Nach Ansicht vieler Experten und Wissenschaftler dürfte es auf absehbare Zeit kaum gelingen, den CO2– Ausstoß so weit zu minimieren, dass sich die Erderwärmung tatsächlich auf die im Pariser Klimaabkommen angepeilten 1,5 Grad gegenüber der vorindustriellen Zeit begrenzen lässt. Die Anstrengungen, die dafür nötig wären, seien mehr als immens.
Zur Erreichung der Klimaziele muss der Atmosphäre aktiv CO2 entzogen werden. Die internationale Bezeichnung für all diese Maßnahmen lautet: Carbon Dioxide Removal (CDR). Auf natürlichem CDR-Weg ließen sich solche „negativen Emissionen“ etwa mit der großflächigen Wiederaufforstung von Wäldern erreichen. Die Bäume wandeln das CO2 durch Photosynthese in Kohlen- und Sauerstoff um und speichern den Kohlenstoff in ihrem Holz.
Ein natürlicher Weg ist freilich auch die allgemeine Reduktion bei der Erzeugung klimaschädlicher Gase. Doch wie man es auch dreht und wendet, die natürlichen Lösungen allein werden zur Rettung des Klimas nicht ausreichen. Nötig seien deshalb auch technologische Innovationen. Schon längst forschen Menschen in vielen Ländern deshalb an Technologien, um der Luft verfahrenstechnisch das schädliche Übermaß an CO2 zu entziehen.
Gesamtansatz nötig
Doch was können diese Technologien? Welche Risiken bergen sie in sich? Sind sie der Heilsbringer, der alles löst? Die letzte Frage beantworten 99 von 100 Experten bei unserer Bestandsaufnahme ziemlich deutlich, nämlich mit Nein. Klimaschutz funktioniert nur im Verbund. Soziale, ökologische, reduzierende, bauliche, wirtschaftliche und technologische Lösungen können jeweils nur ein Teil des Problems lösen.
„Einen generellen Lösungsweg – einen für alles? Den gibt es nicht.“
Interessant sind technologische Innovationen im Gesamtkontext aber allemal. Auf Island zum Beispiel ging 2021 eine Anlage namens „Orca“ in Betrieb, die der Luft jedes Jahr 4.000 Tonnen CO2 entzieht. Sie ist derzeit die weltgrößte ihrer Art. Sie saugt die Umgebungsluft an, lenkt sie durch Filter, vermischt das absorbierte CO2 mit Wasser und pumpt dieses Gemisch dann mehrere hundert Meter tief in die Erde. Dort soll es im Basalt versteinern.
Einzelne Meilensteine nicht überbewerten
Ein Meilenstein, so sagen viele über „Orca“. Was der sog. „Meilenstein“ wirklich wert ist, zeigt sich im Vergleich mit dem Bedarf.
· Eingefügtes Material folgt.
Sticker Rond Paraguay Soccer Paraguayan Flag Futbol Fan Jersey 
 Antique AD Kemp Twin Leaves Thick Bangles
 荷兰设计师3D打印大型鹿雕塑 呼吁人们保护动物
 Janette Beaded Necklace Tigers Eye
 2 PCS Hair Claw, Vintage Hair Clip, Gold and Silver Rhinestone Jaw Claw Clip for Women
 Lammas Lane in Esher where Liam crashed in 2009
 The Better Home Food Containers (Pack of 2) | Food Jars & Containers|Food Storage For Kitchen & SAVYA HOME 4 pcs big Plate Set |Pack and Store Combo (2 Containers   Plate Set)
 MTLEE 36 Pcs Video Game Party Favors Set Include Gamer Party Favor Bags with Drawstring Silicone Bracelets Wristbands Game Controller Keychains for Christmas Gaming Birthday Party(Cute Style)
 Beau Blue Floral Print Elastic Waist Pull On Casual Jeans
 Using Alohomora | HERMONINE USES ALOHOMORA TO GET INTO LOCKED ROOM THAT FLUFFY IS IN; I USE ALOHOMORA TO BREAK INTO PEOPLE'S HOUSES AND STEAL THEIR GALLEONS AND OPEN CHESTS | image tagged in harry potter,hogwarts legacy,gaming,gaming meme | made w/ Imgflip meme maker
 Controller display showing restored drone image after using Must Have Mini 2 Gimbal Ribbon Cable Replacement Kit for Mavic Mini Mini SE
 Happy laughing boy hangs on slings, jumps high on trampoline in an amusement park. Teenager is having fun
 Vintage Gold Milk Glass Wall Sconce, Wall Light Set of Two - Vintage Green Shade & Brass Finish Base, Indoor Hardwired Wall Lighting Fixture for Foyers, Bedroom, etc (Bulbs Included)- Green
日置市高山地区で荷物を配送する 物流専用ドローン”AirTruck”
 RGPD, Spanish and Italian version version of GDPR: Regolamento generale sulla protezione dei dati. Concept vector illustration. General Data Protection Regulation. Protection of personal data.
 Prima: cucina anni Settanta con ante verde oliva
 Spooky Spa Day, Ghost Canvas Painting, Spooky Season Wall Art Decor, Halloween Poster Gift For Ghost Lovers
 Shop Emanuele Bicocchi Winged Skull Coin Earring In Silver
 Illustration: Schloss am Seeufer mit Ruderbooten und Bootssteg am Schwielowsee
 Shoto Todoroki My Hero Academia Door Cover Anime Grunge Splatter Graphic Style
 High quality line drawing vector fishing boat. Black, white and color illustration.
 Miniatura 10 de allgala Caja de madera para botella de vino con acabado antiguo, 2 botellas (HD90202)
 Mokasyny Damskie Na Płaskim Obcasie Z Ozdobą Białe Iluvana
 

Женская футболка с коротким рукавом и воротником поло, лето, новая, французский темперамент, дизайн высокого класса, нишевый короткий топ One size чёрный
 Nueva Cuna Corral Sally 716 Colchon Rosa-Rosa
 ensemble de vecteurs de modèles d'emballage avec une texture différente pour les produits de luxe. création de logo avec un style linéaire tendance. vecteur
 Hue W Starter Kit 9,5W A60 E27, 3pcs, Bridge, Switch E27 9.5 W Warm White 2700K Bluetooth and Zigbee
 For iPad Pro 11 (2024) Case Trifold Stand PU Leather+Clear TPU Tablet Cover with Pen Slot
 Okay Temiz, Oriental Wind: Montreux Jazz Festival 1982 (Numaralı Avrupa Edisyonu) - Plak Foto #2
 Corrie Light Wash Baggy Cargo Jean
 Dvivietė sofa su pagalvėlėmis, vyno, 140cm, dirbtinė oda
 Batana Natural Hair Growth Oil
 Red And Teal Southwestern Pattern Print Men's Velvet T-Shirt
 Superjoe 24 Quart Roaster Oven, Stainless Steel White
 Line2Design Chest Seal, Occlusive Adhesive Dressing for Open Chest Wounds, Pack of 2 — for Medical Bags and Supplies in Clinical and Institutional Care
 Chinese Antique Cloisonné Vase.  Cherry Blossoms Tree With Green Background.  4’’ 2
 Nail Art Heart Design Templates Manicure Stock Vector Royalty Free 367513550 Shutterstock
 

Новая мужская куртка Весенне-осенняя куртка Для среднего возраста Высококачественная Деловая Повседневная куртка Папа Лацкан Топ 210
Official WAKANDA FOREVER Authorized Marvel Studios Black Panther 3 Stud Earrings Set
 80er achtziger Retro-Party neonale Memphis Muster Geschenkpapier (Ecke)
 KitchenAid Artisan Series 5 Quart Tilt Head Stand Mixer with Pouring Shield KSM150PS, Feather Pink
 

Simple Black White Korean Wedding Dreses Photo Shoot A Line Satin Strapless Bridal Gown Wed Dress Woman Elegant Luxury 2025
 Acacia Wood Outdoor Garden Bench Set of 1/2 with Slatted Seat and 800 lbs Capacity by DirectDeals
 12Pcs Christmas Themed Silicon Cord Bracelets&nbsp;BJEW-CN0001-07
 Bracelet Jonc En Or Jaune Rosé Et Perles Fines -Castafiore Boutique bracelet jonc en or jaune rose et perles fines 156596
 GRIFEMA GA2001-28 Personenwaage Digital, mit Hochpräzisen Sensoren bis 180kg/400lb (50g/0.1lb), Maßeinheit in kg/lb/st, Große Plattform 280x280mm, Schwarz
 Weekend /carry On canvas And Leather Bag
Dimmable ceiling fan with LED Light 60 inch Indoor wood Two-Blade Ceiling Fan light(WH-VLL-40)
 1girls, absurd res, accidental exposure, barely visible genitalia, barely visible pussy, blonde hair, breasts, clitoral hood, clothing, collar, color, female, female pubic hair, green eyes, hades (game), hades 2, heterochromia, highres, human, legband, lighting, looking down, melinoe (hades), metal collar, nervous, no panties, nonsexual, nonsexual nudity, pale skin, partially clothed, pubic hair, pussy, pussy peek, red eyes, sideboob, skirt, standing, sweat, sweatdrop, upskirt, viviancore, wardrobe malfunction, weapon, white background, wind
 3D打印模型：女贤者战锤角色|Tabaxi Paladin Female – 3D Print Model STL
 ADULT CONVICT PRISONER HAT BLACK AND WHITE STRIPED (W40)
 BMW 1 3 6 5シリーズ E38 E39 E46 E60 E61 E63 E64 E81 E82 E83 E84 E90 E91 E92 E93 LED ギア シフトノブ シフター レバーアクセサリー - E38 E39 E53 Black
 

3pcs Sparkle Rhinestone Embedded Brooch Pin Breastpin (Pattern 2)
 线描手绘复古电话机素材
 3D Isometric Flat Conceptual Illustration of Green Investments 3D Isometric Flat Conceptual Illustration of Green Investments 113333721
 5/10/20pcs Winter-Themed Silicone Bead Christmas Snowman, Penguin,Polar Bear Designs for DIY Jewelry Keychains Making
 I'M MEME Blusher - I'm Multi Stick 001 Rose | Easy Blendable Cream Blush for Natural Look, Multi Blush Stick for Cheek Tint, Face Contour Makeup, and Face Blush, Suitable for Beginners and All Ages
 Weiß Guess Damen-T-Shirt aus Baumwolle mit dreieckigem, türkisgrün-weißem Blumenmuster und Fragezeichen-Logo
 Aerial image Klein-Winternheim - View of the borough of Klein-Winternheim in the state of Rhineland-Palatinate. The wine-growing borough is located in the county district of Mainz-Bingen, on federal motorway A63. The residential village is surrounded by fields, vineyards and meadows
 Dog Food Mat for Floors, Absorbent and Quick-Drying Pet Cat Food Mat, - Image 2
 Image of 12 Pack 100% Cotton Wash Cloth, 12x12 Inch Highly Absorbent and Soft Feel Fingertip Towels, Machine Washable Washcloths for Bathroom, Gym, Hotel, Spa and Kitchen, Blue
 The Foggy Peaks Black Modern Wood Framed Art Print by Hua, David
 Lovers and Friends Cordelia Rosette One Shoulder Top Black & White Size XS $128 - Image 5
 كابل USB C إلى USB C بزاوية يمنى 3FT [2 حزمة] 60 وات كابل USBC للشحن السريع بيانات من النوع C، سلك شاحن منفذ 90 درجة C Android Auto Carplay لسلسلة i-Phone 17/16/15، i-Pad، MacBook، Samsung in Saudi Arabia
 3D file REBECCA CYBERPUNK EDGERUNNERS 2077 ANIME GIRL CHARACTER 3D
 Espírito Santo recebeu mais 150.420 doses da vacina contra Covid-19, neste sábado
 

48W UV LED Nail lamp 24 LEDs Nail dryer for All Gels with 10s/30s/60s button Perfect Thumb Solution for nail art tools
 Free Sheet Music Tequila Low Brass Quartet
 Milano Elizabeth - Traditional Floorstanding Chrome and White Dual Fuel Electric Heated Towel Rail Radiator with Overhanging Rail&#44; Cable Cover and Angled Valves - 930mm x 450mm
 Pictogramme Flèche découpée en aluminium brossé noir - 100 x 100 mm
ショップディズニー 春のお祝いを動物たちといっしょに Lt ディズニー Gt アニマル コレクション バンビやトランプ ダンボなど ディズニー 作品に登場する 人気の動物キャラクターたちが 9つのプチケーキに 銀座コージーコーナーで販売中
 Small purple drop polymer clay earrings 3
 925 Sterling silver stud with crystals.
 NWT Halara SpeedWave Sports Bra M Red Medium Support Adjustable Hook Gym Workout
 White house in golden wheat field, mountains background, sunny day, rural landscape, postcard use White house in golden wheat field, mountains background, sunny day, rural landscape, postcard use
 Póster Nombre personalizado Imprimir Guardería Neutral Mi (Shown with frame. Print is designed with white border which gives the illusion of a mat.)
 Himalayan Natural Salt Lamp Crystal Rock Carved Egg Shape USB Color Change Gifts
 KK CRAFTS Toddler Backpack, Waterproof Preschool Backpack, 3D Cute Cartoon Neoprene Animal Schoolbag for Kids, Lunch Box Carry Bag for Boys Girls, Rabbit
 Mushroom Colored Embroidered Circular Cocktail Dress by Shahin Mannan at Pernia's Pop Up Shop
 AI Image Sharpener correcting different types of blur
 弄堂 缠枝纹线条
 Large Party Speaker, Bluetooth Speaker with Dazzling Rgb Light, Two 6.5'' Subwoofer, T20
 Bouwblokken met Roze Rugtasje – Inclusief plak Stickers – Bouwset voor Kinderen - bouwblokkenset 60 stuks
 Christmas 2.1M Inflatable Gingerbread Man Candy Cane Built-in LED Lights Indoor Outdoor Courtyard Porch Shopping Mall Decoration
Nach Schätzungen des Global Carbon Project (GCP) emittiert die Weltbevölkerung aktuell 36,4 Mrd. Tonnen CO2 pro Jahr, Tendenz steigend. Wöllte man den weltweiten Ausstoß von CO2 also allein auf dieser Schiene neutralisieren, bräuchte es stolze 9,1 Mio. solcher Anlagen wie in Island.
Wo sollen die stehen? Wer soll die bezahlen? Und gibt es überhaupt genügend feste, sichere Untergründe für diese Art der Lagerung? Stichwort: Endlagerung von CO2 unter der Erde! Was das sog. Carbon Capture and Storage (CCS), diese Art der Lagerung, die den technischen CDR-Methoden auf dem Fuße folgt, nämlich langfristig für den Boden und das Grundwasser mit sich bringen, ist oft noch reichlich unklar.
Innovationen Klimaschutz mit individuellen Wegen
Womöglich schafft man sich dabei mit der Lösung des einen folglich gleich das nächste Problem. Als sichere Untergrundspeicher für die Endlagerung von CO2 kommen deshalb bislang nur leere Erdgasfelder in Betracht. Die sind natürlicherweise dicht und damit sicher. Allerdings tun sich dann schon wieder Nutzungskonflikte auf. Der Platz ist begrenzt. Irgendwo müssen wir zum Beispiel in Deutschland ja auch noch Erdgas speichern oder Energie über Geothermie erzeugen können.
Da wird mithin also jedes Land seine eigene Strategie finden müssen. Für Deutschland zeigt das Umweltbundesamt (UBA) in seiner Rescue-Studie von Anfang 2021 eher den Trend auf, neben der nötigen Reduktion vorrangig auf natürliche CO2-Senken wie Wälder sowie auf eine nachhaltige Land- und Holzwirtschaft zu setzen. Technisches CDR samt Speicherung über CCS solle hierzulande eine eher geringere Rolle bei der Erreichung des großen Ziels spielen.